第5話【地獄に仏】
マイク片手に森ひろしはあいさつする。
「え、えーと、新郎のお父様に仕事先でお世話になっている森ひろしと申します」彼は緊張でどもりながら続ける。「それでは聴いてください。森進一のものまねで【おふくろさん】、五木ひろしのものまねで【よこはま、たそがれ】」
この日披露した【おふくろさん】と【よこはま、たそがれ】は、この日のためにアレンジしたスペシャルメドレーバージョンだった。

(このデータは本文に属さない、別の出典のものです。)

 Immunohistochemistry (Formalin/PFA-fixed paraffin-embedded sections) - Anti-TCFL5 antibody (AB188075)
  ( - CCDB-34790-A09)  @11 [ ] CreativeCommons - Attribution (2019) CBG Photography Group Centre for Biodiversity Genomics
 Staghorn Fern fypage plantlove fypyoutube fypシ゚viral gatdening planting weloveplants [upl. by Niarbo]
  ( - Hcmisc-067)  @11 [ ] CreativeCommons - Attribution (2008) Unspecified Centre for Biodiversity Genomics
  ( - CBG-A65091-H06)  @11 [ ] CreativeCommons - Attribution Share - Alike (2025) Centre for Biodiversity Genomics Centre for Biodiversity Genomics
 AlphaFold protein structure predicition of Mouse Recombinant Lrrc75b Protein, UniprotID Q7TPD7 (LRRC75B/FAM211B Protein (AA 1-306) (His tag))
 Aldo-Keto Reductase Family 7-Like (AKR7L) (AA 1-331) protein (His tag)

が━━森ひろしのものまねに耳を傾けている人はひとりもいず、あの店長でさえ『い、いや、オレとあいつはなにも関係ないからな』とでもいうような様子で酒を飲みながら世間話に花を咲かせていた。
ものまねを終えた森ひろしは、屈辱に震えながらマイクを置いて元の席に戻っていった……。

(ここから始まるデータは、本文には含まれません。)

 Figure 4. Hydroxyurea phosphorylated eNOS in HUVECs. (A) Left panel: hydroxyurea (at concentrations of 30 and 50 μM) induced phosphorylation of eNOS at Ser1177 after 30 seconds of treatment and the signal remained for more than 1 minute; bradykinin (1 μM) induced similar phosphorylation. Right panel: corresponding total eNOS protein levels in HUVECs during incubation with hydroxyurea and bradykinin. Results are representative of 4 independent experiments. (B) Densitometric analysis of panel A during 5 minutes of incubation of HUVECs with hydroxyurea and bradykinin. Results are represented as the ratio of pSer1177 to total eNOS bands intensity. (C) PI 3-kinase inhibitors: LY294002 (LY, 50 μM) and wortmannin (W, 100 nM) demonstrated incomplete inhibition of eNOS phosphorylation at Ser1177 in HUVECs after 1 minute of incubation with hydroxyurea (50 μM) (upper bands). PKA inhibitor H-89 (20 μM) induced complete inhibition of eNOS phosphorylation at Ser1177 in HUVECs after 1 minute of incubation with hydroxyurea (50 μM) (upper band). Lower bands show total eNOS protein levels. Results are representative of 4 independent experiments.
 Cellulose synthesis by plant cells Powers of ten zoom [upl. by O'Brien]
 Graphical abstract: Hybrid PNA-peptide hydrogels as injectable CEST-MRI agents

と、そんな彼を会場の後方からやさしく見つめるひとりの老人がいた。
━━披露宴終了後、会場の外で森ひろしは声をかけられた。その人物こそ、森ひろしのすべりまくったものまねをただひとり聴き続けていた老人だったのである。彼は森ひろしにいった。
「……わしはなぁ、あんたみたいな人を待っておったんじゃよ」
「え?」驚く森ひろし。
「最近のものまねはひどいもんじゃ。誰も知らんようなやつのものまねをやったり、ほんとにわけがわからんわい。それに比べ、あんたのものまねは最高じゃった」
「あ、ありがとうございます」
「どうじゃ、今度、うちの盆踊りでものまねをやってくれんかの?」
森ひろしに断る理由はなかった。